Despite all my best efforts as an English teacher, the most important way for my middle schoolers to become stronger readers was probably just for them to sit and read. “Sustained silent reading” was in fact enshrined into the middle school English/Language Arts schedules in my district: it’s what the first 12 minutes out of every 72-minute period was for.
Getting students used to the act of reading silently and attentively for a stretch of time is important because it helps them develop it as a skill if they’re not used to doing it. For those that are, it helps solidify it as a habit. But there’s some emerging research in “literary neuroscience” showing what happens in your brain while you’re doing focused, close reading: it activates numerous corners of the mind that aren’t working when you’re reading with less focus.
Michigan State University literature professor Natalie Phillips teamed up with some neuroscientists to do fMRI scans on folks doing casual, distracted reading, and compared that with scans of subjects who were concentrating while reading long passages of a Jane Austen novel. The scientists warned her there would be some minor differences, but nothing remarkable. NPR reports on the findings:
But in a neuroscientific plot twist, Phillips said preliminary results showed otherwise: “What’s been taking us by surprise in our early data analysis is how much the whole brain — global activations across a number of different regions — seems to be transforming and shifting between the pleasure and the close reading.”

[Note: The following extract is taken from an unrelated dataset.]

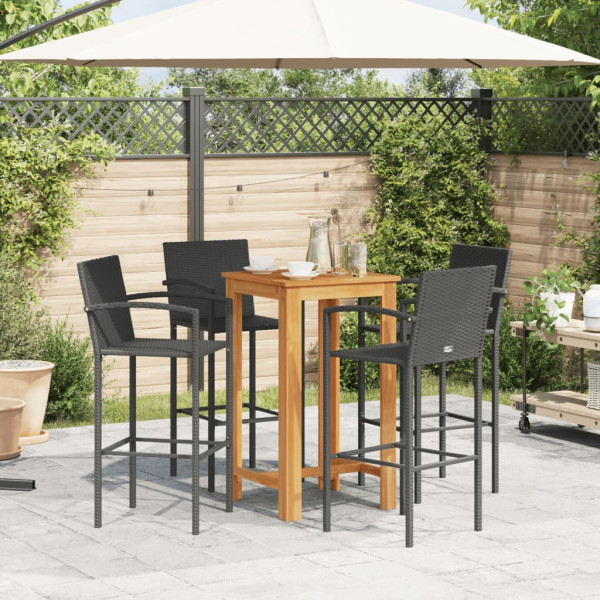 5 pcs conjunto de bar para jardim vime PE/acácia maciça preto M 3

Phillips found that close reading activated unexpected areas: parts of the brain that are involved in movement and touch. It was as though readers were physically placing themselves within the story as they analyzed it.
So helping young readers–particularly reluctant young readers–learn the habit of focused reading is important. But here’s evidence of 1) how that focused reading activates parts of the brain that otherwise aren’t lit up during casual reading; 2) why that close reading is more of a cognitive workout than distracted or more sporadic reading; and 3) how that sustained reading should feel: it should engage corners of the mind that a reader normally associates with movement and touch. Perhaps even teaching kids how it should feel in your mind to read a book closely will help them build reading stamina and learn more as they read.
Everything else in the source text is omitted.